Pourtant les dessins de Frédéric Fenoll s'énoncent au pluriel quand chacun d'eux, sur une même feuille, s’emboîte à un autre comme dans un jeu de poupées russes où chaque figure relate un instant de l'histoire de l'art, quand cette vertigineuse remontée dans le temps est aussi le tremplin d'un saut dans le vide. Ou bien d'un envol vers ce feu d'un soleil où Icare se brûle les ailes...
L'espace du dessin devient alors ce lieu d'une dramaturgie où le temps du dessin, la linéarité d'un récit et les figures invoquées se toisent, se croisent et se heurtent. Un thème médiéval rejoint le pop art, les orbes floraux de l' Art Nouveau se conjuguent aux fanzines et cette histoire occidentale se trouve absorbée par un espace japonais ou bien un paysage chinois qui s'empare de la mythologie égyptienne. L'artiste saisit cet afflux dans une nasse avec ses réseaux inextricables. Enfer et paradis se confondent. L'espace se dilate, se contracte ou se recompose dans des regards hallucinés, des constructions psychédéliques. Tout n'est plus qu'explosion et gestation, les ventres se chargent d'étoiles, les animaux les guettent dans leur silence sidéral, le ciel est un rideau de décombres géométriques, filaments de bave, yeux, spirales, bouches, signes, torsions...

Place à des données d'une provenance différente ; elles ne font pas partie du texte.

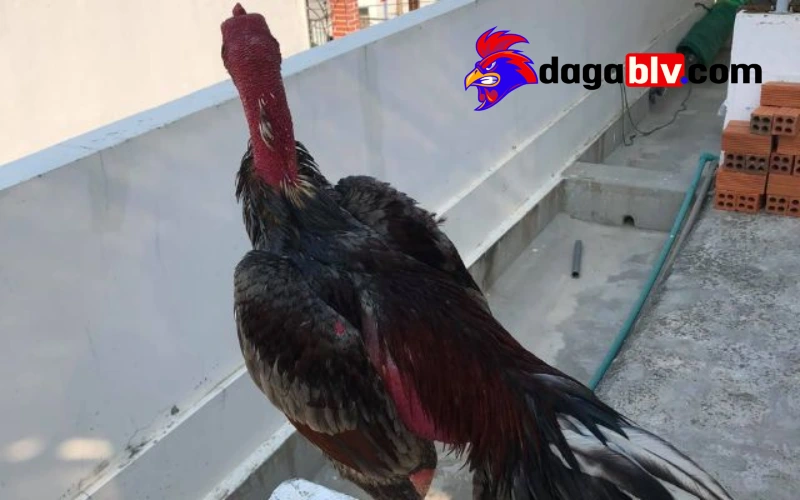 Xám Messi - Chiến kê huyền thoại bất bại trong giới gà đá 5 Xám Messi - Chiến kê huyền thoại bất bại trong giới gà đá Trận thứ 8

Dans la lignée des grands visionnaires, l'artiste s'affronte à ce réel emmuré qu'il défie par une vision eschatologique ou son envers, le mythe d'un paradis perdu. On y croise William Blake, Félicien Rops ou Louis Soutter. On y devine le souffle de Dante. Et pourtant quelque chose de novateur s'impose ici: Le regard de Frédéric Fenoll n'est pas tant en prise avec lui-même qu' avec les images que l'histoire de l'art restitue. Ce sont celles-ci qui deviennent la véritable trame du dessin. Elles en sont la genèse et elles portent l'intuition de formes nouvelles dont elles nous racontent la gestation.
Ce ce chaos qui soutient le dessin, la perfection du geste, la patience des traits, la précision des volumes désignent pourtant, paradoxalement, cet envers d'une renaissance à la fois placide et tourmentée, liée à cette obstination maniaque à se mesurer au monde. L'art est ce combat. Bruit et fureur. Mais aussi silence et recueillement. Tout alors se télescope pour un noir fécond dans lequel lignes et figurent fouillent et élucident l'idée même du dessin, se mesurent à lui et trouvent la lumière.